1) The Persistence of Wide Spreads Among European Debt - Even if Bond Holders are 'Rescued'

There are two components of the European credit crisis - debt levels and economic growth prospects. While the conversations to this point have leaned mostly toward reducing debt levels, economic growth prospects and the overall viability of a common currency will likely get a closer look this year, especially as Europe heads for recession.

During this two-year crisis investors have continually called on the ECB and euro area leaders to 'fix' the debt issue: by wiping out half of Greece's debt, by protecting Italy's access to debt markets through bond purchases, or by suggesting a levered EFSF, the euro area's rescue vehicle.

But even if the ECB does bend to the will of the bond markets this year, and begins to buy sovereign debt directly, the single currency is left with all of the same weaknesses that existed prior to the crisis: the inability to tailor interest rate policy for each individual economy, the lack of foreign currency adjustment needed to offset differences in competitiveness, and growth-limiting trade dynamics throughout the area.

Martin Feldstein, a long-time euro skeptic, in this month's Foreign Affairs magazine made the point this way: "During the past year, Germany had a trade surplus of nearly $200 billion, whereas the other members of the eurozone had trade deficits totaling $200 billion. A more comprehensive measure that factors in net investment income reveals that Germany has a current account surplus of nearly five percent of GDP, whereas Greece has a current account deficit of nearly ten percent of GDP. Put another way, Germany can invest in the rest of the world an amount equal to five percent of its GDP, whereas Greece must borrow an amount equal to nearly ten percent of its GDP to pay for its current level of imports".

One of the strongest benefits at the introduction of the common currency was that investors priced government debt similarly across the euro area.

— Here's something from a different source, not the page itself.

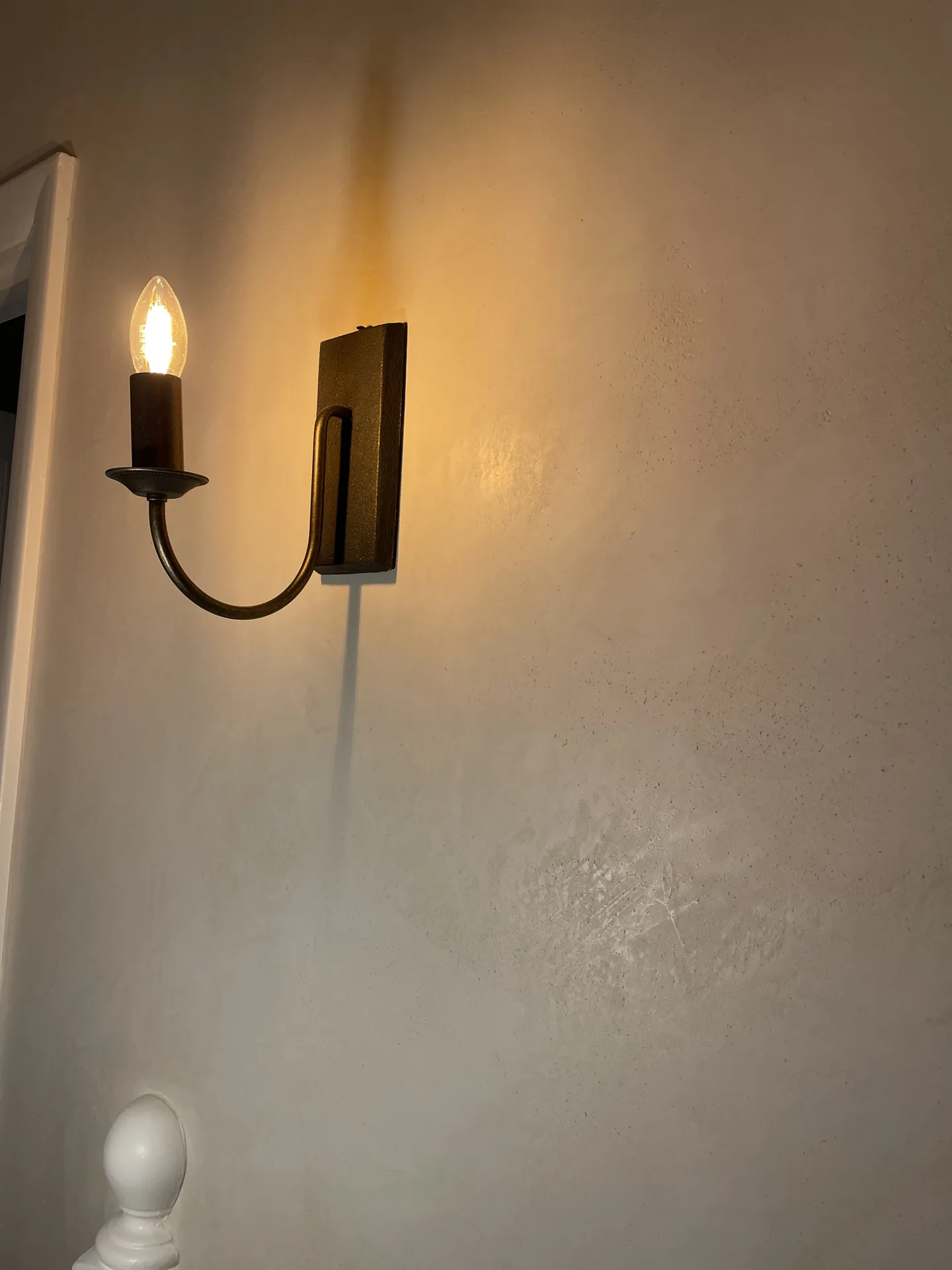 Hampstead interior with warm Venetian plaster carried through connected living spaces finished room view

During this period investors thought of the euro area as a group of countries that would not only share a currency, but also share economic performance and long-term outcomes. Smaller countries and those of southern Europe experienced the greatest amount of benefit from converging yields. Yield on Greek debt fell by more than half in less than 10 years. Even stock market valuation ratios converged. The spread between the countries with the highest and lowest PE ratios dropped by more than half during the period.

While this period could have been used to improve some of the issues surrounding productivity, competitiveness, and trade dynamics among countries, what occurred instead was that governments took on larger amounts of liabilities, and as interest rates fell, housing bubbles formed. With that period passed, it's difficult to imagine that investors will soon return to the mindset that Portugal, Ireland, or even Italy, will soon again converge materially - in either economic performance or level of credit risk - with Germany.

I highlighted this risk and the graph below early in the European credit crisis ( The Great Divergence ). At that point the sovereign debt of Portugal was priced at 200 basis points above German bunds, compared with 1100 basis points today. Here is an updated graph.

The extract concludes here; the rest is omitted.